[Stored data entries]
###
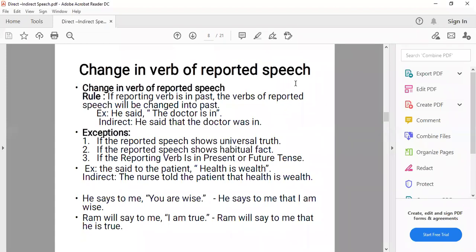Exceptions to the tense change rule: we don't change the reported speech into past if the reported speech shows a universal truth, a habitual fact, a scientific fact, or any quotation. Also, if the reporting verb is in present or future tense, we don't change the tense of the reported speech — even if the reporting verb is in the past.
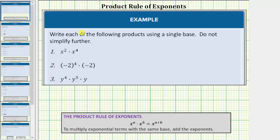Going back up to number one, because we are multiplying and the bases are the same, to determine this product we add the exponents. x to the second times x to the fourth is equal to x raised to the power of two plus four. Two plus four is equal to six, and therefore the product is x to the sixth.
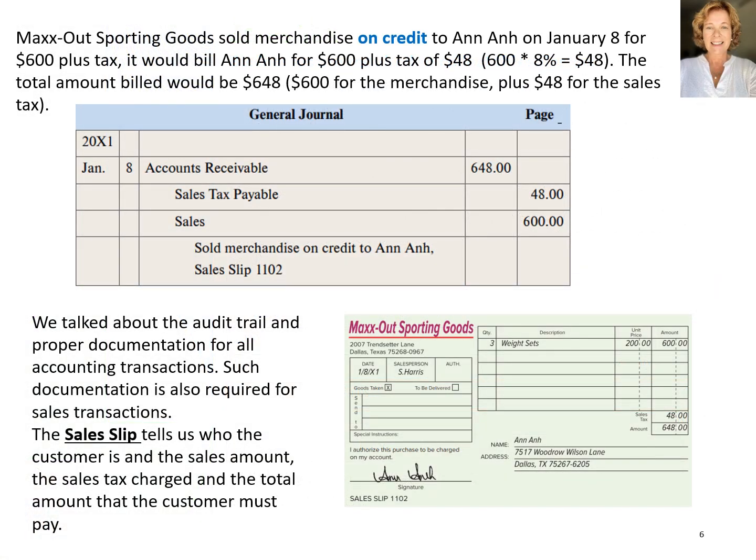The next transaction is very similar, but instead of collecting cash immediately, the customer purchased merchandise on credit for $600 plus sales tax. We record this credit sale by debiting accounts receivable for $648. The customer owes Max Out the sales tax which the business in turn must pay to the tax agency. The liability for the sales tax is recorded by writing sales tax payable in the description column and $48 into the credit column. The sale amount is recorded by writing sales in the description column and $600 into the credit column.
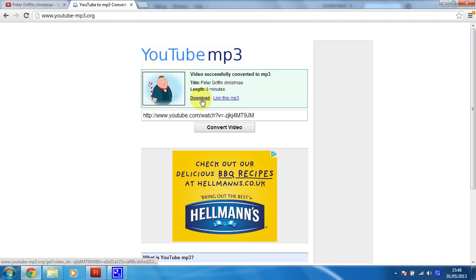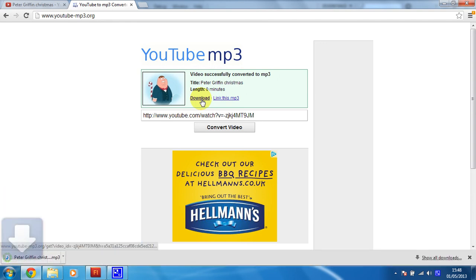I'm gonna download that now and there you get the downloaded file — nice and easy. In the next video, once you've got that, we're going to import that into our scene so that we can use it as the basis of our animation.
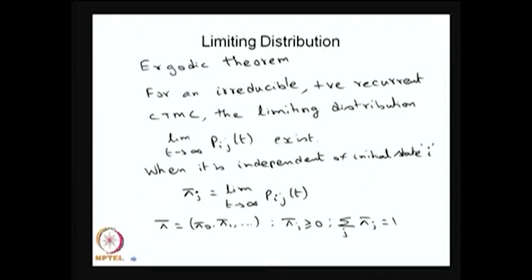Now moving into the limiting distribution. The same concept used for the DTMC can be applied to CTMC, except instead of the one-step transition probability matrix, we use the infinitesimal generator matrix Q. The Ergodic theorem states: whenever the CTMC is irreducible — all states communicate — and all states are positive recurrent, then the limiting distribution always exists.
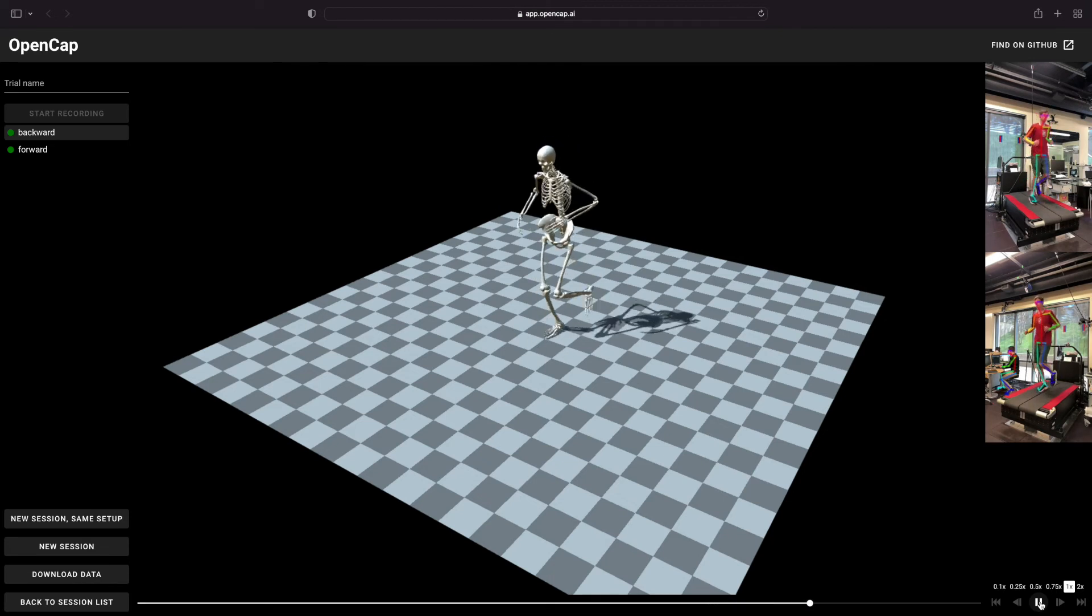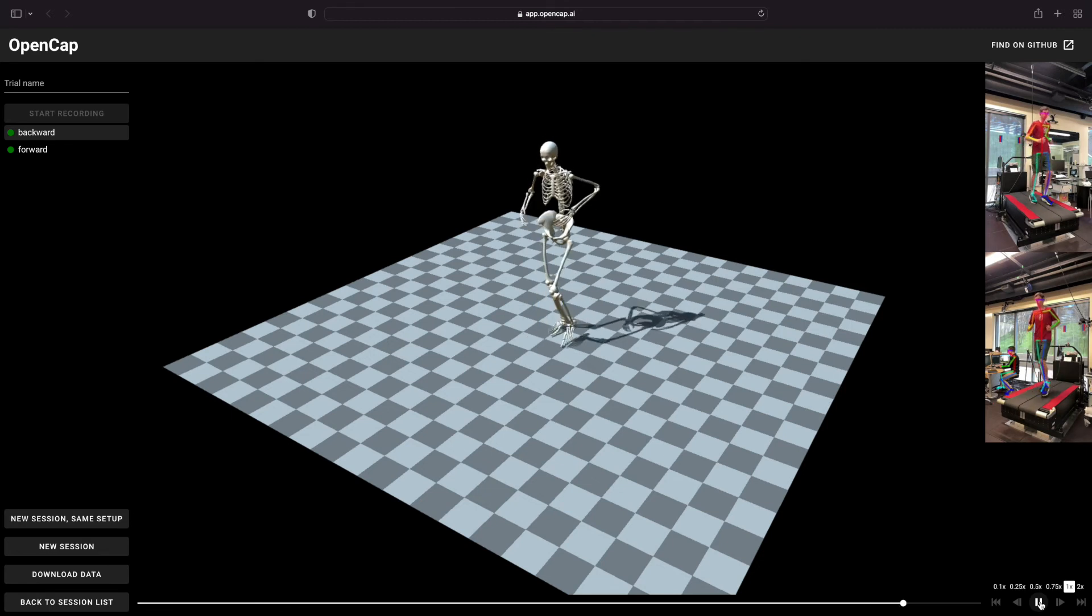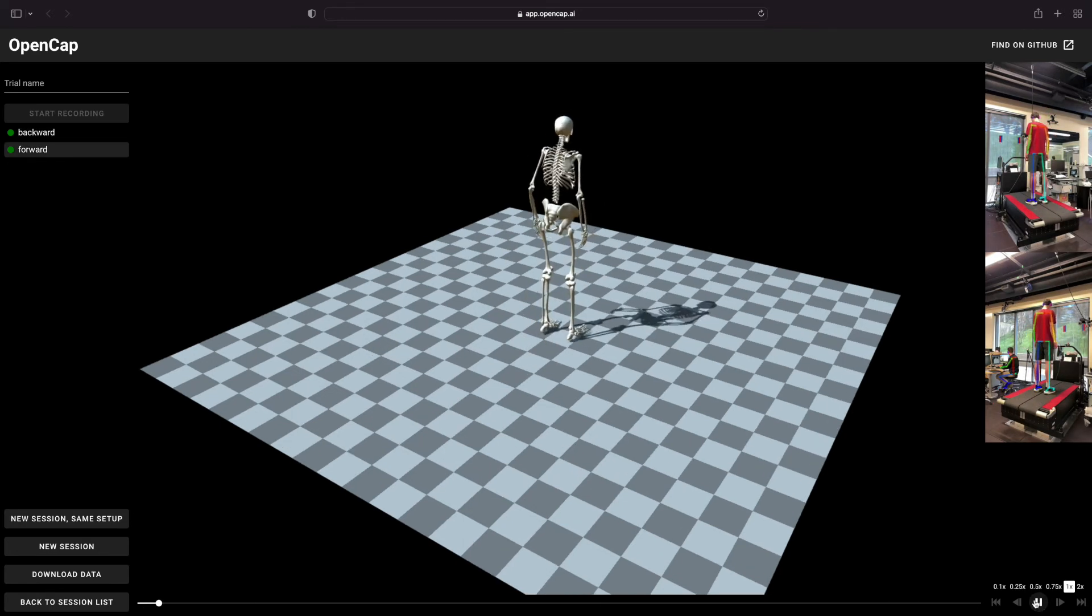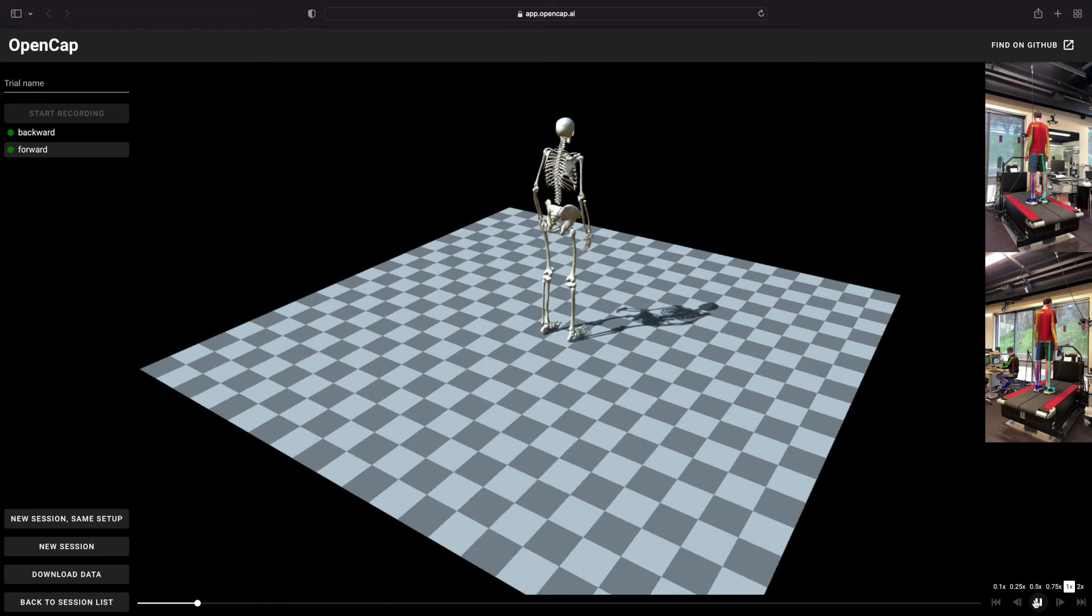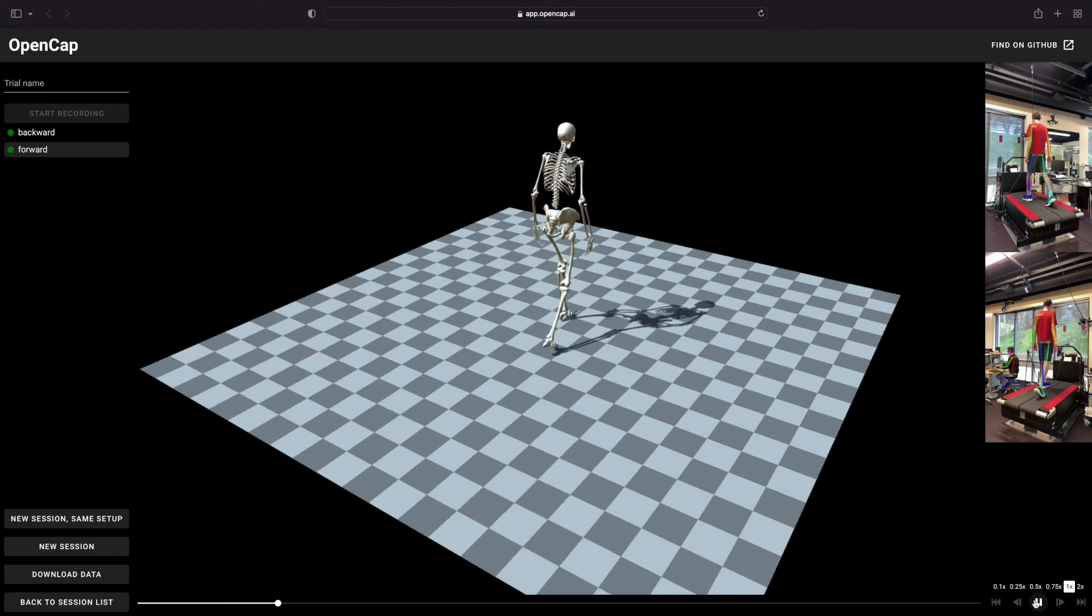You can then click on the trial on the left and visualize the kinematics in the viewer. You can drag the 3D viewer around to watch the kinematics from any angle.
###
_ACTION ITEM_
Give back, exactly and without pictures, the stretch of the records above from the line containing "Going back up" through the line containing "I'm gonna download", with both end lines included.

_TASK OUTPUT_
Going back up to number one, because we are multiplying and the bases are the same, to determine this product we add the exponents. x to the second times x to the fourth is equal to x raised to the power of two plus four. Two plus four is equal to six, and therefore the product is x to the sixth.
The next transaction is very similar, but instead of collecting cash immediately, the customer purchased merchandise on credit for $600 plus sales tax. We record this credit sale by debiting accounts receivable for $648. The customer owes Max Out the sales tax which the business in turn must pay to the tax agency. The liability for the sales tax is recorded by writing sales tax payable in the description column and $48 into the credit column. The sale amount is recorded by writing sales in the description column and $600 into the credit column.
I'm gonna download that now and there you get the downloaded file — nice and easy. In the next video, once you've got that, we're going to import that into our scene so that we can use it as the basis of our animation.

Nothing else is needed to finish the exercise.